_WHAT YOU ARE ASKED TO DO_: The full listing needs to be output exactly.

● ● ● ● ●

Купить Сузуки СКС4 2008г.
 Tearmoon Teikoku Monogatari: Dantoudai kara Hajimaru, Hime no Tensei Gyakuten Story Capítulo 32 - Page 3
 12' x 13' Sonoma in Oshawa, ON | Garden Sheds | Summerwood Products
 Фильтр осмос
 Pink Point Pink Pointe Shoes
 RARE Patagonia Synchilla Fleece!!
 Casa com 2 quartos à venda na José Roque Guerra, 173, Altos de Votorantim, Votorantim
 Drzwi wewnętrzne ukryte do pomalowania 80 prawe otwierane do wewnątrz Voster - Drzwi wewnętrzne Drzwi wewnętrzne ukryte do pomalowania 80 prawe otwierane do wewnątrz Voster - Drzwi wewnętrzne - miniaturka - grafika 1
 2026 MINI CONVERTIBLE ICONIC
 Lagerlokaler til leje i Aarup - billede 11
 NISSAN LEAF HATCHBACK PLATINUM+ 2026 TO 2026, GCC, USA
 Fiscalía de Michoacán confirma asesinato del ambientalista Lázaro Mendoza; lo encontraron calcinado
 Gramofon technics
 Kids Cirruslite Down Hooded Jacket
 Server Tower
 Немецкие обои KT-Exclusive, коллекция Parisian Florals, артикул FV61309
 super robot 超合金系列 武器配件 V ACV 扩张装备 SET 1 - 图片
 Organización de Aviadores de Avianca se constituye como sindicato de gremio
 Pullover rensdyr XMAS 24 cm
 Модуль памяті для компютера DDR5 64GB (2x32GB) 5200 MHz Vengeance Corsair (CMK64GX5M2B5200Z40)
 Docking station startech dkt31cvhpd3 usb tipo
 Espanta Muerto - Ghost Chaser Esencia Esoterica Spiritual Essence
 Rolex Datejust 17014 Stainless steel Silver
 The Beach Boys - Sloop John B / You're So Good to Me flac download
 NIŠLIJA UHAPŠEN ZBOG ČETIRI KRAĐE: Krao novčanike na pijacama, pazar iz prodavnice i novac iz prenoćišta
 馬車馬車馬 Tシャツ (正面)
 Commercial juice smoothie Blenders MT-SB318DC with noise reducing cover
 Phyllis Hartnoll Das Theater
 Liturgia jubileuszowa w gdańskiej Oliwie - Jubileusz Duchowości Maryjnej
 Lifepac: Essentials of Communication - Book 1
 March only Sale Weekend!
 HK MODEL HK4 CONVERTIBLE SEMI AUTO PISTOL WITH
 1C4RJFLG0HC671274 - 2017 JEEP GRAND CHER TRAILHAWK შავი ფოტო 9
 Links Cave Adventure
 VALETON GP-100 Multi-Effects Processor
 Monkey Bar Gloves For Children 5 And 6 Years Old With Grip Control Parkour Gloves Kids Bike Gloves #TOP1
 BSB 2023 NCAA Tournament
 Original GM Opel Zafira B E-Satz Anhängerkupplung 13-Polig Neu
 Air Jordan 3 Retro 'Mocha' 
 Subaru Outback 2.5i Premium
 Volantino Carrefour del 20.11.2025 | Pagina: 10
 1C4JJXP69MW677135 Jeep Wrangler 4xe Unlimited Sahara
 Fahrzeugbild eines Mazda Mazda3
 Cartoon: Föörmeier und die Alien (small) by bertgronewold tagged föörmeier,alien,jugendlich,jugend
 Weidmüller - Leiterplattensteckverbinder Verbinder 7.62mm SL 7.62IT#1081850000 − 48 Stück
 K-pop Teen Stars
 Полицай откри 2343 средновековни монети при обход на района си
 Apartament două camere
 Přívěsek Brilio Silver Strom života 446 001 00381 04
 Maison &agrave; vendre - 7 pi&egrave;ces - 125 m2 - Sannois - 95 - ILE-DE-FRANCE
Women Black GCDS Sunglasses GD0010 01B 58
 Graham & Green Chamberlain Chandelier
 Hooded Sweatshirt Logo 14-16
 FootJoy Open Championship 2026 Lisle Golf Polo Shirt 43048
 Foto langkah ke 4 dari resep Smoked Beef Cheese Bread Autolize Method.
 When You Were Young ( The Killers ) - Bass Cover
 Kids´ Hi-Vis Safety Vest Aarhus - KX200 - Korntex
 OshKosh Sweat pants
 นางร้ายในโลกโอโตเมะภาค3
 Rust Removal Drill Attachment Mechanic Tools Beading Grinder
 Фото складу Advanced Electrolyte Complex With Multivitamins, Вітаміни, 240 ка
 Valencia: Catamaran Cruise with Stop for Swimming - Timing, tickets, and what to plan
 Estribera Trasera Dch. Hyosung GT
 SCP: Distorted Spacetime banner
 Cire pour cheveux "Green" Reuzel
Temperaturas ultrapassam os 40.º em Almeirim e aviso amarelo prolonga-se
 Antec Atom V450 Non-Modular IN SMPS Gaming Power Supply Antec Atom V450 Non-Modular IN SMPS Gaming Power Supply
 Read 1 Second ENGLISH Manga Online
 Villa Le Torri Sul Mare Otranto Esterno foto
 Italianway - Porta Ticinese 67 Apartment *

● ● ● ● ●

_ANSWER TO THE EXERCISE_:
Купить Сузуки СКС4 2008г.
 Tearmoon Teikoku Monogatari: Dantoudai kara Hajimaru, Hime no Tensei Gyakuten Story Capítulo 32 - Page 3
 12' x 13' Sonoma in Oshawa, ON | Garden Sheds | Summerwood Products
 Фильтр осмос
 Pink Point Pink Pointe Shoes
 RARE Patagonia Synchilla Fleece!!
 Casa com 2 quartos à venda na José Roque Guerra, 173, Altos de Votorantim, Votorantim
 Drzwi wewnętrzne ukryte do pomalowania 80 prawe otwierane do wewnątrz Voster - Drzwi wewnętrzne Drzwi wewnętrzne ukryte do pomalowania 80 prawe otwierane do wewnątrz Voster - Drzwi wewnętrzne - miniaturka - grafika 1
 2026 MINI CONVERTIBLE ICONIC
 Lagerlokaler til leje i Aarup - billede 11
 NISSAN LEAF HATCHBACK PLATINUM+ 2026 TO 2026, GCC, USA
 Fiscalía de Michoacán confirma asesinato del ambientalista Lázaro Mendoza; lo encontraron calcinado
 Gramofon technics
 Kids Cirruslite Down Hooded Jacket
 Server Tower
 Немецкие обои KT-Exclusive, коллекция Parisian Florals, артикул FV61309
 super robot 超合金系列 武器配件 V ACV 扩张装备 SET 1 - 图片
 Organización de Aviadores de Avianca se constituye como sindicato de gremio
 Pullover rensdyr XMAS 24 cm
 Модуль памяті для компютера DDR5 64GB (2x32GB) 5200 MHz Vengeance Corsair (CMK64GX5M2B5200Z40)
 Docking station startech dkt31cvhpd3 usb tipo
 Espanta Muerto - Ghost Chaser Esencia Esoterica Spiritual Essence
 Rolex Datejust 17014 Stainless steel Silver
 The Beach Boys - Sloop John B / You're So Good to Me flac download
 NIŠLIJA UHAPŠEN ZBOG ČETIRI KRAĐE: Krao novčanike na pijacama, pazar iz prodavnice i novac iz prenoćišta
 馬車馬車馬 Tシャツ (正面)
 Commercial juice smoothie Blenders MT-SB318DC with noise reducing cover
 Phyllis Hartnoll Das Theater
 Liturgia jubileuszowa w gdańskiej Oliwie - Jubileusz Duchowości Maryjnej
 Lifepac: Essentials of Communication - Book 1
 March only Sale Weekend!
 HK MODEL HK4 CONVERTIBLE SEMI AUTO PISTOL WITH
 1C4RJFLG0HC671274 - 2017 JEEP GRAND CHER TRAILHAWK შავი ფოტო 9
 Links Cave Adventure
 VALETON GP-100 Multi-Effects Processor
 Monkey Bar Gloves For Children 5 And 6 Years Old With Grip Control Parkour Gloves Kids Bike Gloves #TOP1
 BSB 2023 NCAA Tournament
 Original GM Opel Zafira B E-Satz Anhängerkupplung 13-Polig Neu
 Air Jordan 3 Retro 'Mocha' 
 Subaru Outback 2.5i Premium
 Volantino Carrefour del 20.11.2025 | Pagina: 10
 1C4JJXP69MW677135 Jeep Wrangler 4xe Unlimited Sahara
 Fahrzeugbild eines Mazda Mazda3
 Cartoon: Föörmeier und die Alien (small) by bertgronewold tagged föörmeier,alien,jugendlich,jugend
 Weidmüller - Leiterplattensteckverbinder Verbinder 7.62mm SL 7.62IT#1081850000 − 48 Stück
 K-pop Teen Stars
 Полицай откри 2343 средновековни монети при обход на района си
 Apartament două camere
 Přívěsek Brilio Silver Strom života 446 001 00381 04
 Maison &agrave; vendre - 7 pi&egrave;ces - 125 m2 - Sannois - 95 - ILE-DE-FRANCE
Women Black GCDS Sunglasses GD0010 01B 58
 Graham & Green Chamberlain Chandelier
 Hooded Sweatshirt Logo 14-16
 FootJoy Open Championship 2026 Lisle Golf Polo Shirt 43048
 Foto langkah ke 4 dari resep Smoked Beef Cheese Bread Autolize Method.
 When You Were Young ( The Killers ) - Bass Cover
 Kids´ Hi-Vis Safety Vest Aarhus - KX200 - Korntex
 OshKosh Sweat pants
 นางร้ายในโลกโอโตเมะภาค3
 Rust Removal Drill Attachment Mechanic Tools Beading Grinder
 Фото складу Advanced Electrolyte Complex With Multivitamins, Вітаміни, 240 ка
 Valencia: Catamaran Cruise with Stop for Swimming - Timing, tickets, and what to plan
 Estribera Trasera Dch. Hyosung GT
 SCP: Distorted Spacetime banner
 Cire pour cheveux "Green" Reuzel
Temperaturas ultrapassam os 40.º em Almeirim e aviso amarelo prolonga-se
 Antec Atom V450 Non-Modular IN SMPS Gaming Power Supply Antec Atom V450 Non-Modular IN SMPS Gaming Power Supply
 Read 1 Second ENGLISH Manga Online
 Villa Le Torri Sul Mare Otranto Esterno foto
 Italianway - Porta Ticinese 67 Apartment *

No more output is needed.